My process for this one was pretty much the same as for Fiona, except a whole lot more time. I copied the photo into a half-opacity layer and used it to learn from my mistakes, not for tracing… … okay, okay, only a little for tracing, but only after I’d redrawn the same damn feature at least a couple dozen times.

Some thoughts:

  • I was only a little kidding about the tracing thing. I did, in fact, re-sketch each feature a bunch of times. Problem is, when you’re dealing with the face, very small differences in the shape of, say, the mouth, results in a completely different expression. This wouldn’t matter as much if I didn’t have a very specific expression I wanted to recreate. Shown just the sketch, my family would say it looks good. But place it next to the reference photo and all of a sudden it looks very wrong.
  • Did you know that when a person smiles, their mouth moves upward, closer to their nose? If you don’t do that, it looks like a grimace. Just saying.
  • Shadows, shadows, shadows. Never draw the shape of a thing; draw the shadows it casts. Unless you’re trying to get the features right. Then draw the outline, then draw the shadows, then erase the outline. Maybe, when I get better, I’ll be able to start with the shadows. I am not there yet.
  • Wanna hear a guilty cheat? About halfway through, I realized that even in my attempts to focus on the shadows, I was still sketching everything too light. I suppose I could have gone back, and darkened the shadows by hand. Instead, I duplicated the layer and merged it back with the original. It worked great. I regret nothing.
  • His face has actual shadows not just designed to show features, but to be real shadows. This added a sense of realism I haven’t achieved before.
  • The lips came out fantastic. It only took about a hundred tries.
  • Did you know Procreate has a hair brush? Did you know it has several? Instead of drawing each individual hair, you brush in a bunch of them at once. It’s fantastic.
  • Speaking of, the hair went through several phases: a messy sketch that looked less like Nolan’s hair, and more like Nolan sketched it himself; a blend of that mess that hardly looked better; and attempt to create depth, less said about that the better; a sudden discovery of the hair brush; a whole lot of texture without depth; depth without shadows which just looked weird; shadows and depth; oh shit, I need to add shadows to the forehead; a bunch of erasing to make highlights; and finally I give up.
  • Someone told me they thought I took a picture of a sculpture. I chose to take that as a compliment.
  • Believe it or not, his hair is way messier than than this, but I’m emotionally incapable of spending that much effort.
  • See those bags under his eyes? Very, very small changes to those have a drastic affect on expression.
  • His ear looks like it’s growing a massive tuft of hair from it but nobody’s noticed 1.
  • Teeth are really important. No matter how well you get the mouth shape right, it will never look right unless you get the teeth right.

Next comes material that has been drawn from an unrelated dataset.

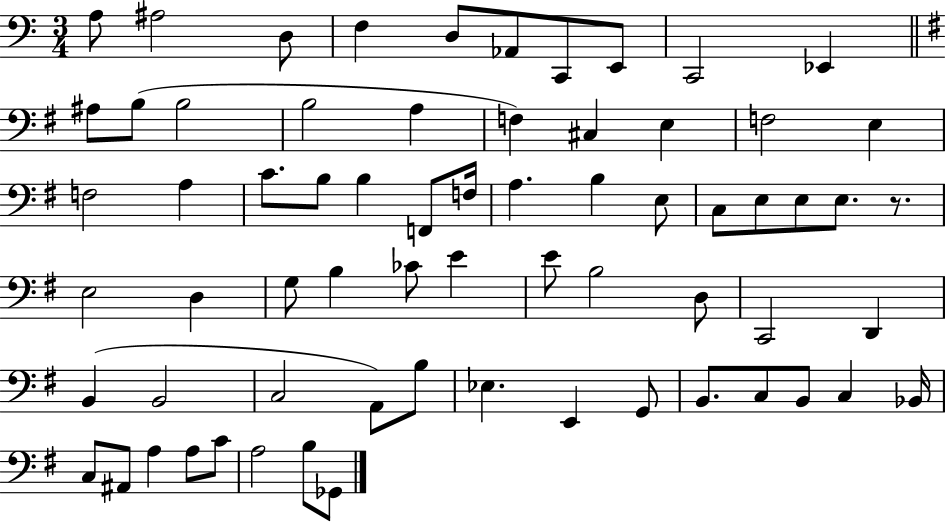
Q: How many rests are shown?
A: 1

All together, I am very pleased with how this one came out. I feel like it’s a new standard for me, and I can only hope all my subsequent sketches will come out this good.

I have no idea how long it took. Let’s just say a long time. I sketched it over the holidays, so I had a lot of spare time while the kids were actively fighting over their new toys.

Full Image

Sketch Album

  1. Or they don’t want to say, which is fine; I don’t want to fix it.